Достоевский понимал, что христианство – это не «курс догматического богословия», а только одно: пасхальная ночь на земле. И в этом дерзновении и твердости, с которою он передает нам эту истину, его великая заслуга перед христианами нашей эпохи. В романе «Бесы» есть тоже одно сильнейшее место об этой Пасхе, Страстной неделе земли: «Атем временем», – говорит Марья Тимофеевна Лебядкина Шатову, – «и шепни мне, из церкви выходя, одна наша старица, на покаянии у нас жила за пророчество: «Богородица что есть, как мнишь?» – «Великая Мать, отвечаю, упование рода человеческого». – «Так, говорит, Богородица – Великая Мать сыра земля есть, и великая в том для человека заключается радость. И всякая тоска земная, и всякая слеза земная – радость нам есть; а как напоишь слезами своими под собой землю на пол-аршина в глубину, то тотчас о всем и возрадуешься…» Запало мне тогда это слово. Стала я с тех пор на молитве, творя земной поклон, каждый раз землю целовать, сама целую и плачу. И вот я тебе скажу, Шатушка: ничего-то нет в этих слезах дурного; и хотя бы и горя у тебя никакого не было, всё равно слезы твои от одной радости потекут» (10: 116).

Вот он – собор радости: Церковь, проступившая наконец сквозь поредевшие деревья чащи, в которую завел нас Достоевский. Собор радости, но, конечно, через собор мук. Авва Силуан говорил: «Душа, когда молится за мир, знает, что скорбит вся земля». Рассказывая о своих встречах с Достоевским в 1873 году, то есть вскоре после окончания «Бесов», О. Починковская передает такой эпизод: «Он… поднял на минуту глаза от корректуры «Иностранных событий» и проговорил холодным, отрывистым голосом:

– А как это хорошо у Лермонтова:

Уста молчат, засох мой взор.

Но подавили грудь и ум

Непроходимых мук собор

С толпой неусыпимых дум…

Это из Байрона… Даже у Лермонтова глубже, по-моему, это вышло: Непроходимых мук собор!

Этого нет у Байрона… Целая трагедия в одной строчке… Одно это слово «собор» чего стоит»206 . Церковь для тех, кто ее принимает всерьез, есть одновременно и стояние у Креста, и Пасха. Тут ничего нельзя ни прибавить, ни объяснить. Если не «напоишь землю слезами», то ничего в Церкви и не поймешь и не найдешь ее для себя: не услышишь ее Пасхи. Об этом слезном пути обретения Церкви и учит нас Достоевский.

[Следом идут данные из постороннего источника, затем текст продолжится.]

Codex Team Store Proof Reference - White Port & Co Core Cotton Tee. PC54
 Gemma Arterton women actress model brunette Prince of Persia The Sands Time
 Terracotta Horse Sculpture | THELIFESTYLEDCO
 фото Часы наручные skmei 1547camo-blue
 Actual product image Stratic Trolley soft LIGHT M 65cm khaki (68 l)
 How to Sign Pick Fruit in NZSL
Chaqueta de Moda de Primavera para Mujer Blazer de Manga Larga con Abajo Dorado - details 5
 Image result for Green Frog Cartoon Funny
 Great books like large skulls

В записных тетрадях к роману есть такое место: «Ну, ты в слезах найдешь утешение. Читал я раз книгу инока Парфения о путешествии на Афон – что инок Николай имел дар слезный, – ну вот ты и есть инок Николай, который имел дар слезный» (11:76). Возможно, что по первоначальному плану это должно было относиться к Ставрогину, но в результате изменения его образа эта характеристика может быть отнесена только к Марье Тимофеевне, обнаруживая афонский источник ее молитвенных слез.

О молитве самого Достоевского, наверное, не надо бы и писать, если бы не опасение, что в наше время могут быть люди, просто не знающие этой стороны его жизни.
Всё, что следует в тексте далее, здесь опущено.